• Mine has blue lights.
    One quick blink as everything is turned on. then about a second later nice flashing (like it's communicating. and then dead. like someone pulled the power cord less than a second after it did it flickering dance.

    ok. so you think I should botch a wire from the top 3.3v and ground down to the esp8266's 3.3v and ground.

    I was thinking that of that and was trying to hold wires (but I only have two hands so I don't think I got it working.

    As for the dev camp. It's in Feb and I'll make sure to post videos and photos on youtube and here for anyone interested.

  • Thr 2019.12.12

    I have been secretly hoping someone that has performed this upgrade would have piped in by now.

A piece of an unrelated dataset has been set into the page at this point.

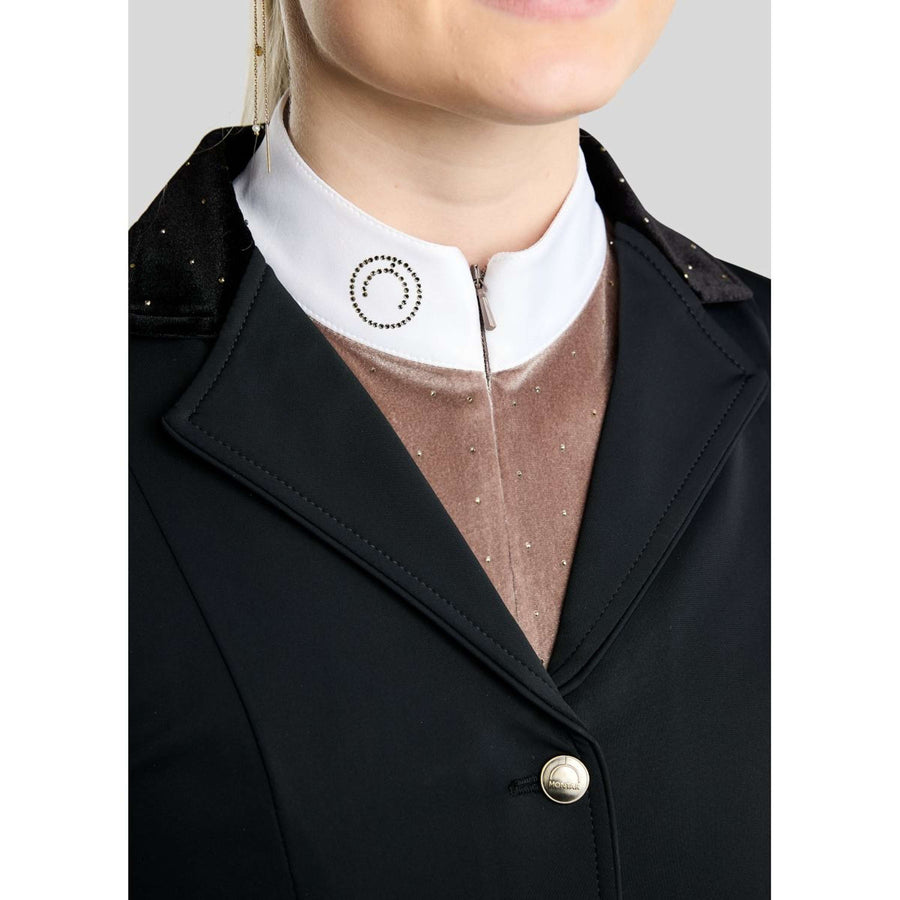 Montar Competition Shirt MoValerie Velvet Golden Quartz Crystals Long Sleeves Nougat Brown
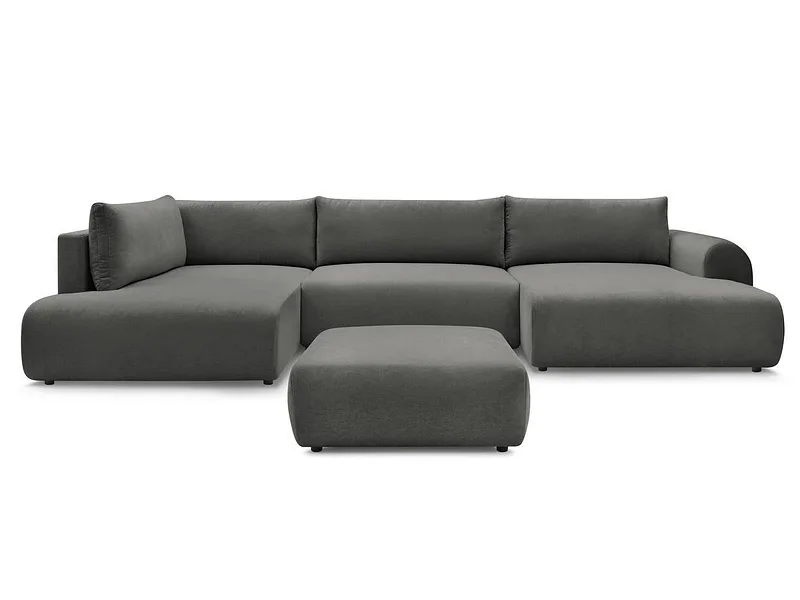 Panorama-Ecksofa mit Hocker BOBOCHIC LUCIEN Stoff dunkelgrau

    'had to unsolder and resolder so I know I very well may have damaged it'

    If the iron was only in contact a second or two, I highly doubt it. As there is at least the blink of an LED, then the board seems to want to run. Damian, how long in seconds is this duration. To the others, what are the chances the 8266 hardware watchdog is resetting?

    For clarification, when the lot goes dead, as Gordon requested, does the Pixl attempt to reboot, or are we completely dead at that point? (I think the answer is YES as zero volts was measured with no additional comment - meaning no reboot)


    Damian do you have access to a regulated (bench supply) power supply? . . . . or, . . . do you have access to discreet parts such as voltage regulators and caps? Do you know anyone nearby or have access to students at an Electronics Tech school that have substantial troubleshooting skills?



    It could be that we are dealing with two issues. My biggest worry is the article that @allObjects posted in #26 with the 8266 requiring over the 250ma limit, even with caps, if only for the 40msec interval.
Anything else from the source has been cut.